Recall that DH Lawrence warned us to trust the tale, not the teller – the teller of fictions is likely to be a liar. Darwinian evolutionary psychology suggests that none of us really knows what has made us what we are, still less why we behave so eccentrically as we do; when we are pressed to explain ourselves, we invent. In the Renaissance, poets claimed repeatedly that they wrote for posterity – to be “immortal.” In religious communities, the creation of any art was for the glory of God. In a capitalist society, one is likely to claim that one writes for the same purpose that everyone else produces a product – for money.

Kentucky Welcomes JCO

Cheryl Truman, books editor of the Lexington Herald-Leader, profiles and interviews Joyce Carol Oates in advance of the Kentucky Women Writers Conference.

Tidbits of interest:

Oates didn’t used to be much of a TV watcher but admits immersing herself in tabloid-news TV to research My Sister, My Love: Bill O’Reilly, Geraldo Rivera and Nancy Grace (“I think sometimes she has a moral agenda that is laudable,” Oates says of Grace. “Sometimes she just seems to be on attack.”).

Truman says that JCO no longer reads the print edition of the New York Times, instead favoring the online edition, which is “very rich, whereas the newspaper itself was very finite.”

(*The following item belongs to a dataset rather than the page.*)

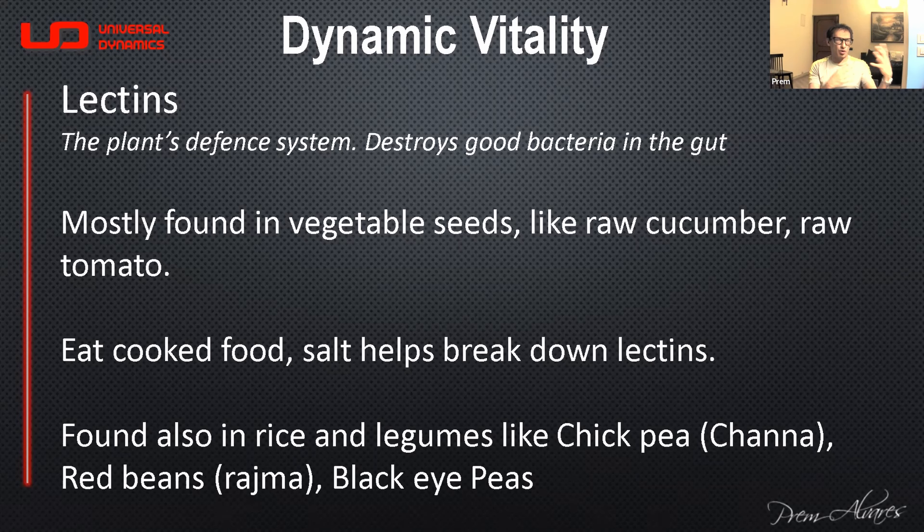There's still going to be a certain amount of lectins left after cooking, but the nutritional value of these foods far outweighs that little bit of lectin. You can't avoid it completely — it's going to be in some food or the other. So you just have to make sure you have enough prebiotic, fibrous food with soluble and insoluble fiber to keep your good bacteria intact.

Finally, Truman asks if JCO sees herself winning the Nobel Prize:

No. Her husband is dead now, and so are her parents (“It’s one’s parents who care,” she says). Who’s going to celebrate with her, be proud of her now? Winning the Nobel would be, she says, just a little sad.

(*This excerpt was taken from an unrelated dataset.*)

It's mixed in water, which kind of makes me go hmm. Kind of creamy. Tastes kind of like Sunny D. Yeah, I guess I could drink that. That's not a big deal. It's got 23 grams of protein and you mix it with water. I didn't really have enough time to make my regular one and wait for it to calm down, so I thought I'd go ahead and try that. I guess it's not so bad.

(Nothing can replace family; but for what it’s worth, I would celebrate with you, Joyce. I would be proud. You’d be surprised just how many of us would.)

In a related article, Truman interviews two conference presenters and asks them about JCO.

Novelsit Laura Benedict: “Every writer has heroes — writers to whose work they turn again and again when they forget how to write and of whom they say, ‘I wish I could write like that.’ Certainly Joyce is one of those writers for me, and I feel privileged just to be in the same room with her.”

Poet Lisa Williams: “Most recently I’ve been reading her journals, just published, which are absorbing and inspiring. One of my favorites of her novels — though I’ve by no means read them all — is I’ll Take You There. I deeply appreciate the strange young woman at the center of that story, and the period of time it takes place in, 1960, is of special interest to me as a sort of turning point for women as social beings and writers.”